Por Matheus Lopes Quirino


Ilustração de Ligia Zilbersztejn.

No umbigo do Vale do Paraíba, interior de São Paulo, Taubaté poderia até ser a pedra no meio de algum caminho, mas na maioria dos casos não é. Ponto de descanso estratégico para quem sai de São Paulo em direção ao Rio de Janeiro, a cidade comemora, neste ano, 380 anos de seu marco zero. Desbravada pelo bandeirante Jacques Felix, sob às ordens da Condessa de Vimieiro, séculos depois aclimataram-se aqui personagens antológicos da literatura infantil nacional, como o Visconde de Sabugosa, a Cuca, Narizinho, a boneca Emília e a lendária Tia Anastácia.

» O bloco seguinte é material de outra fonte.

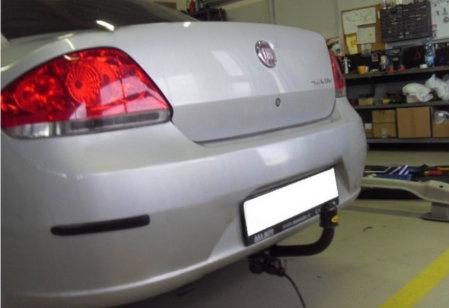 Carlig remorcare Fiat Linea dupa 2007 marca Autohak [1]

Ao falar nela, nos últimos anos a personagem mucama criada por Monteiro Lobato ganhou todos os holofotes possíveis. Amálgama de um debate acalorado não só na literatura, como na política e, principalmente, na militância, a tia Anastácia foi trending topic do Twitter, seu nome foi parar na boca do povo, de gente que, se quer, lera uma história do Sítio do Pica Pau Amarelo. Neste século, em que discussões se desenrolam nas redes sociais, tia Anastácia virou alvo também de algozes dos algozes de Lobato. Foi xingada de comunista (contém ironia) e, como funcionária do Sítio do Pica Pau Amarelo, teve seus direitos discutidos. Ela era claramente escravizada pela dona Benta, a detentora de toda vilania que, como bode expiatório, recai sob a Cuca.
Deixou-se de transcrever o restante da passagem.